1

I have two business logic steps:

  1. download xml from external resource parse and transform it into objects
  2. dispatch the output(object list) to external queue

    @Bean
    public Job job() throws Exception {
        return this.jobs.get("job").start(getXmlViaHttpStep()).next(pushMessageToQueue()).build();
    }
    

So my first Step is Tasklet which downloads (via http) the file and converts it into Objects.

My second task is another Tasklet that suppose to dispatch the output from the previous step.

Now how do I pass the output list from step1 into step2 (as its input)?
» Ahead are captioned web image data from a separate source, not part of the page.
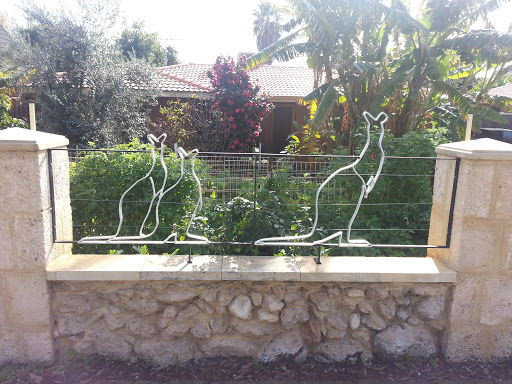 Metal Kangaroo Fence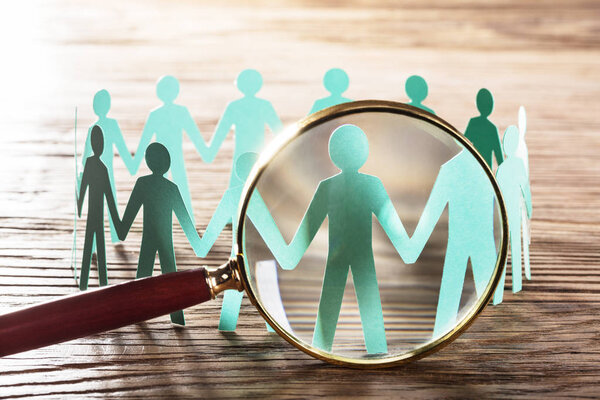 Paper Cut Human Figures
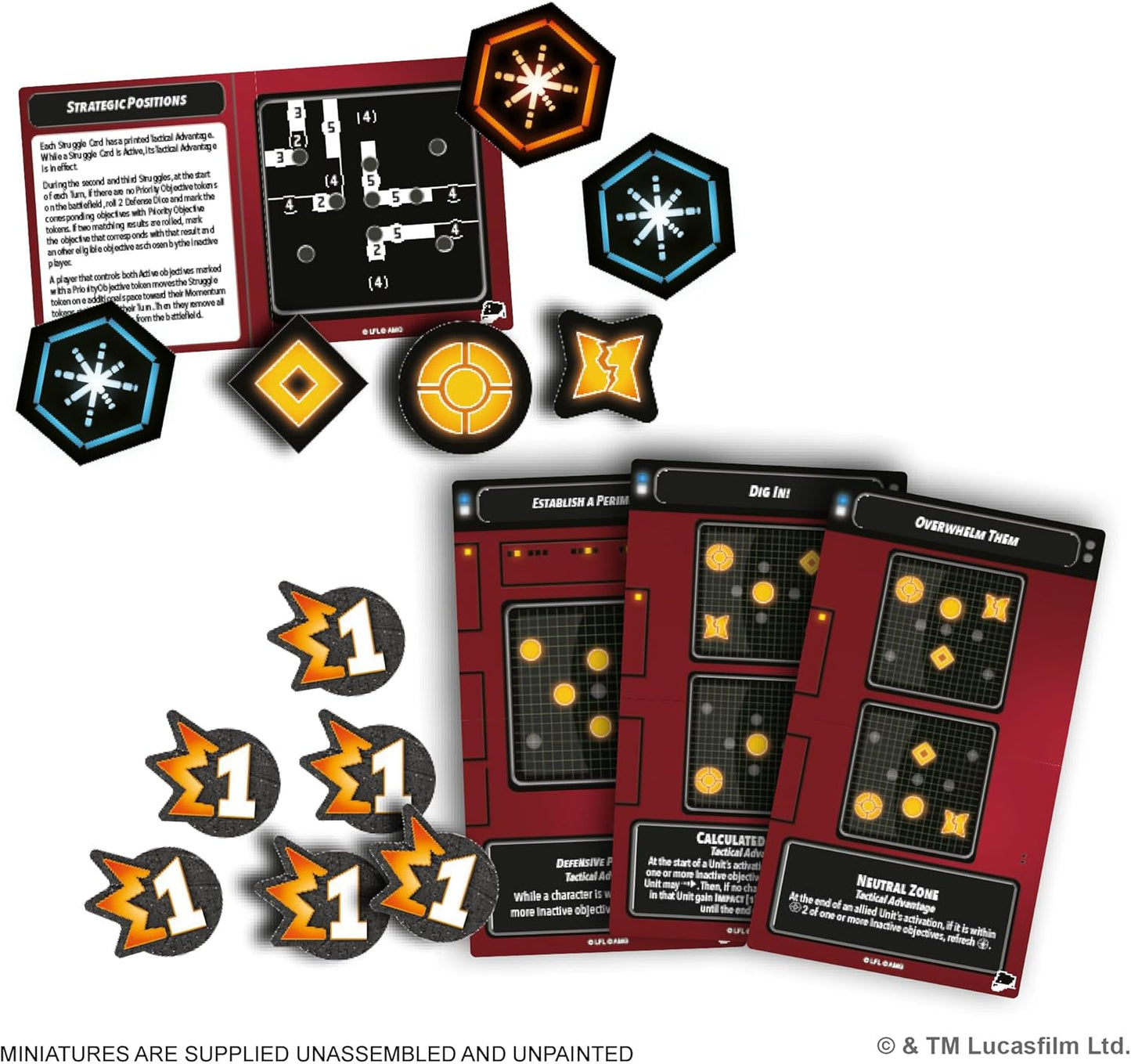 Asmodee | Star Wars: Shatterpoint Strategic Positions Mission Card Pack | Miniatures Game | Ages 14+ | 2 Players | 90 Minutes Playing Time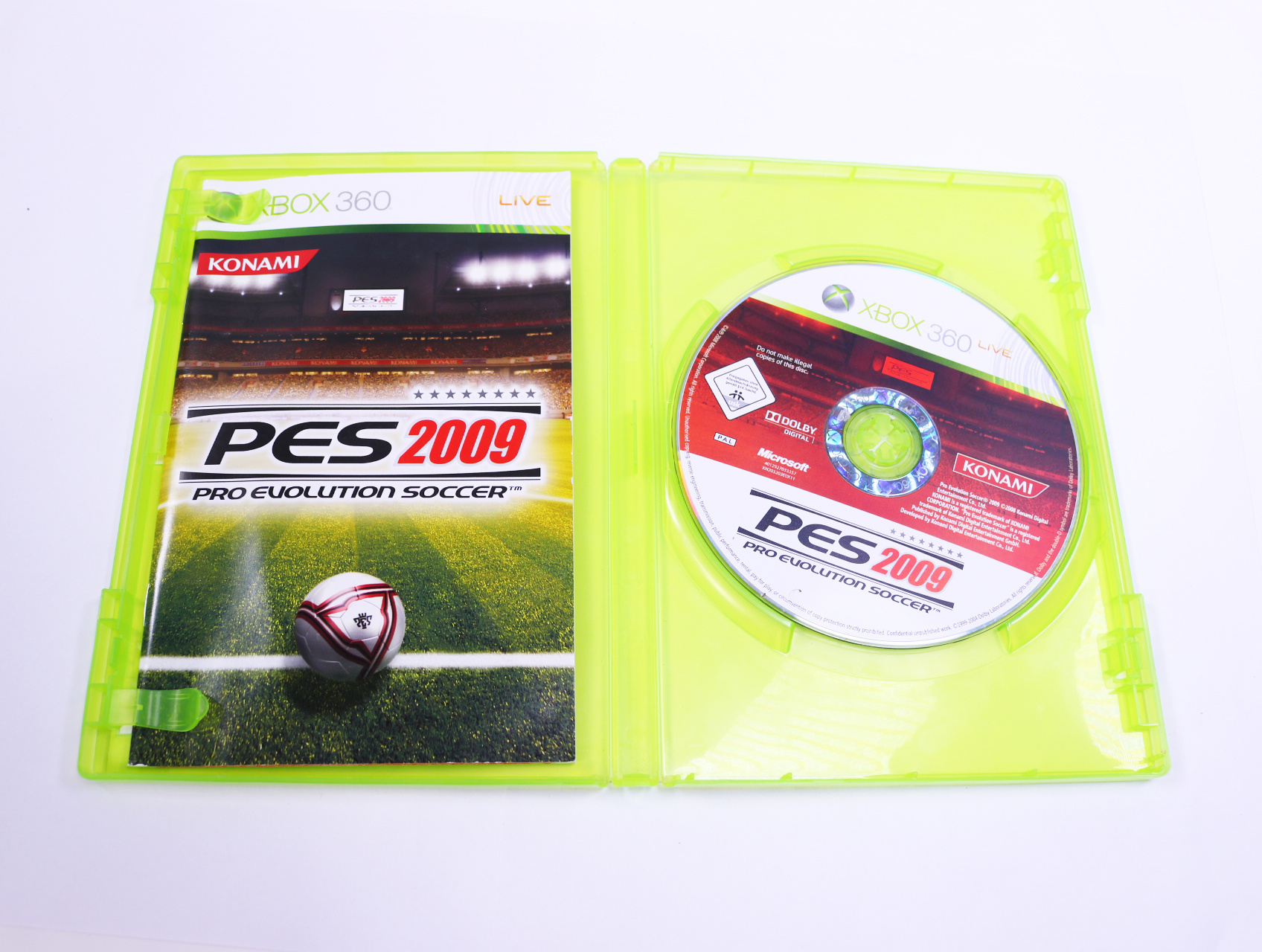 Xbox 360 - Pro Evolution Soccer 2009 - productfoto 3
I could save that on temp file, but isn't there another best practice scenario for this?

demongolem
  • 9,474
  • 36
  • 90
  • 105
rayman
  • 20,786
  • 45
  • 148
  • 246
  • It is just a single step. 1. is a reader 2 is a writer. A single chunk based step. Do you need a single message or a message per object? – M. Deinum Dec 31 '14 at 12:45
  • I need to retrieve the list of the output objects from step 1 and have them as an input to step2. so I could iterate each item and send it to queue. – rayman Dec 31 '14 at 13:09
  • That is just a single step with a reader and writer. Chunk based. You can use a one of the xml readers for that and there are several messaging (JMS for instance) writers available to write messages to a queue. – M. Deinum Dec 31 '14 at 13:18
  • But each operation I want to monitor as a step. wont it be easier for me to split those into couple of steps from a monitoring/rollback/etc.. aspects?? – rayman Dec 31 '14 at 13:34
  • Is there a reason you aren't using Spring Integration for this process? – Michael Minella Dec 31 '14 at 15:31
  • And to skip Spring-batch? I am not sure.. I got single batch job.. maybe spring-batch is overkill ? – rayman Dec 31 '14 at 16:13
  • You can perfectly monitor a single step that processes things in chunks. Advantage is that it isn't an all or nothing solution and is probably more efficient. Parsing a large xml file into thousands of objects to pass them on later is quite a memory hog and can (and probably will) lead to performance issues. As @MichaelMinella suggested you could also use Spring Integration however that would lead to processing the whole xml at once (if I'm not mistaken). – M. Deinum Dec 31 '14 at 16:19
  • Even if process an xml. I still need to convert it into objects(validations,transformations, etc..) and than send on by one.. So I cant see how I am going to avoid that anyway? – rayman Dec 31 '14 at 17:31
  • Sounds like a combination of Spring Integration and Spring Batch would be the best approach. SI to download the file and kick off the job, SB to parse the XML file and send the messages via the JmsItemWriter/AmqItemWriter/etc. – Michael Minella Dec 31 '14 at 18:57
  • @Michael, thanks for your response. I payed attention this question topic doesn't fit my questions. So I opened new question thread. please look at it: http://stackoverflow.com/questions/27729750/best-approach-using-spring-batch-to-process-big-file – rayman Jan 01 '15 at 09:54

1 Answers1

2

I can see at least two options that are both viable.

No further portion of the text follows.